Parmi les tableaux exposés à la galerie Patrick Mikhail, certains vont par paires, identiques dans leur format et familiers dans leur expression. C’est qu’ils ont été réalisés ensemble dans l’atelier. L’artiste travaille toujours sur plusieurs toiles à la fois (généralement cinq à six), qu’elle assemble deux à deux. Chaque paire se présente comme un problème à résoudre par le biais de formes, de couleurs et de lumières, dont les caractéristiques sont spécifiques à un format. Le fait de dédoubler celui-ci permet des allers- retours entre les (faux) jumeaux, et par ce biais, lorsqu’une voie semble sans issue, permet une prise de distance et, de là, un nouvel éclairage grâce aux détours empruntés ailleurs. Le voyage peut prendre du temps, jusqu’à un an et demi dans le cas de la peinture Requiem for Obsolete Objects. Une fois terminées, les toiles prennent leur indépendance. Présentées côte à côte, elles n’en sont pas moins séparables.

Carré ou rectangulaire, peu importe les proportions du format dès lors qu’il répond à une échelle humaine. Pour parler de son expérience corporelle de la réalité, l’artiste cherche un rapport physique à la toile. Son approche est intuitive. Aussi, ne fait-elle aucune planification avant de se lancer, ni esquisse ni tracé au crayon sur la toile. Elle ajoute simplement les couches sans savoir ce qui viendra ensuite, il s’agit de plongées dans le flow du moment présent. L’inconnu, l’inconfort lui sont nécessaires pour parvenir à une création qui la surprenne. Dans le dialogue entre l’œuvre et l’artiste, la première domine et la seconde se laisse emporter. Comment, dans un tel état d’abandon, décider que c’est assez ? Antonietta Grassi s’arrête lorsqu’elle pense avoir tout dit. Et parfois, elle avoue s’être trompée, elle reconnaît regretter d’en avoir trop dit. Mais on ne revient pas en arrière dans ce genre de processus.

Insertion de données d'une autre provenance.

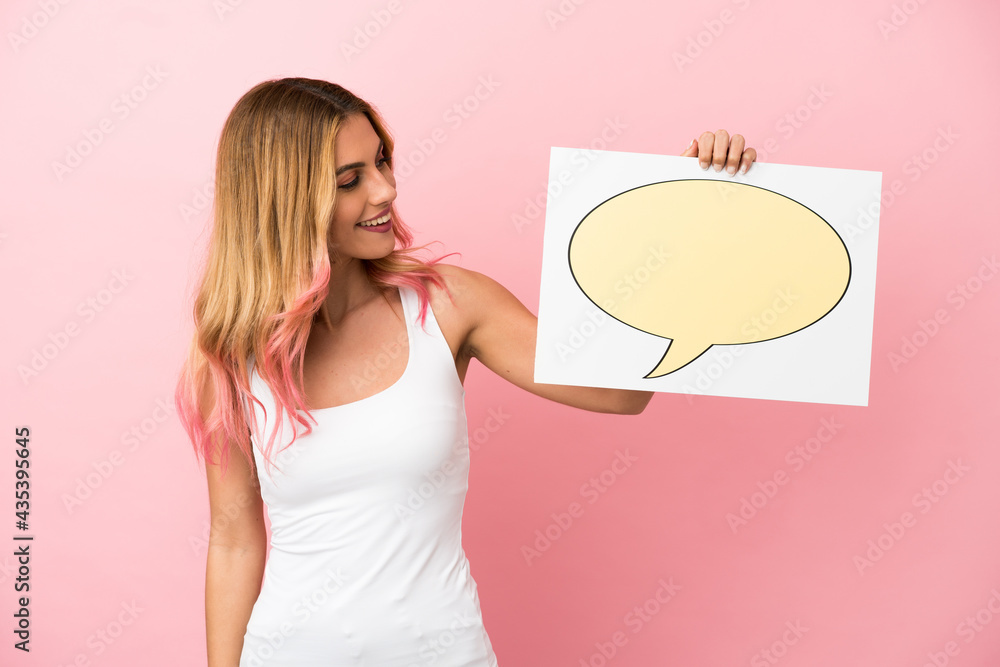 Young woman over isolated pink background holding a placard with speech bubble icon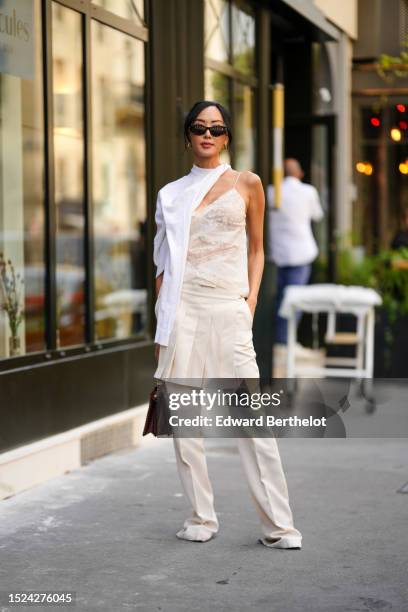 Chriselle Lim wears black sunglasses from Fendi, gold embossed cut-out logo earrings from Fendi, a white wool scarf, a white embossed lace pattern...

Des lignes à haute tension

Les lignes sont présentes dans le travail d’Antonietta Grassi. Dès son projet de maîtrise à l’université, elles ont pris la forme d’une écriture. Elles apparaîtront ensuite dans la série scars en tant que cicatrices, dans la série script and babble en tant que coulures, dans la série linescapes, seismograph, and circuits en tant que sismogrammes. Dans ses récents travaux, Antonietta Grassi emploie deux types de lignes : organiques et géométriques. Ces mots ne conviennent proba­blement pas, car ce n’est pas la nature du tracé qui diffère, mais son mode de réalisation. Pour les premières, un tissu imprégné de peinture est suspendu au-dessus du tableau que l’artiste manipule pour laisser courir les gouttes à la surface de la toile. Le rendu est plus grossier, les lignes plus épaisses et plus libres. Pour les secondes, celles visibles à la galerie Patrick Mikhail, Antonietta dessine à la règle des lignes si fines qu’elles en deviennent parfois invisibles. Fragile et précaire, le tracé semble ne « tenir qu’à un fil » – ce que dit son tableau Hanging by a thread in red, white and blue, au lendemain de la victoire de Donald Trump.

Sous des techniques différentes, les lignes évoquent une même idée de connexion. Certains y verront des réseaux de métro, d’autres des systèmes neuronaux. Grassi y voyait une maison familiale en Italie, une marche de femmes à Washington, des secrétaires et des couturières penchées sur des machines aujourd’hui désuètes… Peu importe. Les thèmes s’entremêlent dans son travail, et le sens qui la stimule ne doit pas être imposé à celui qui observe. Inutile alors de remonter le fil de l’histoire de l’artiste pour apprécier sa peinture, il suffit de se glisser entre les interstices qu’elle laisse dans ses toiles pour y inscrire sa propre mémoire.

Notes biographiques

Antonietta Grassi commence sa carrière dans la mode en tant que dessinatrice. Son travail l’amène à voyager dans de grandes villes comme New York, où elle côtoie les acteurs d’une sphère artistique à laquelle elle a toujours été sensible, sans jamais avoir envisagé de s’y intégrer. Au début des années 1990, elle décide de reprendre ses études et obtient son baccalauréat en beaux-arts (Université Concordia, 1994), puis une maîtrise en arts (UQAM, 1997). Ses œuvres sont depuis exposées au Canada, et circulent également en Amérique du Nord et en Europe, notamment dans son Italie natale.

Antonietta Grassi Contemplation for Obsolete Objects. Galerie Patrick Mikhail, du 14 avril au 2 juin 2018.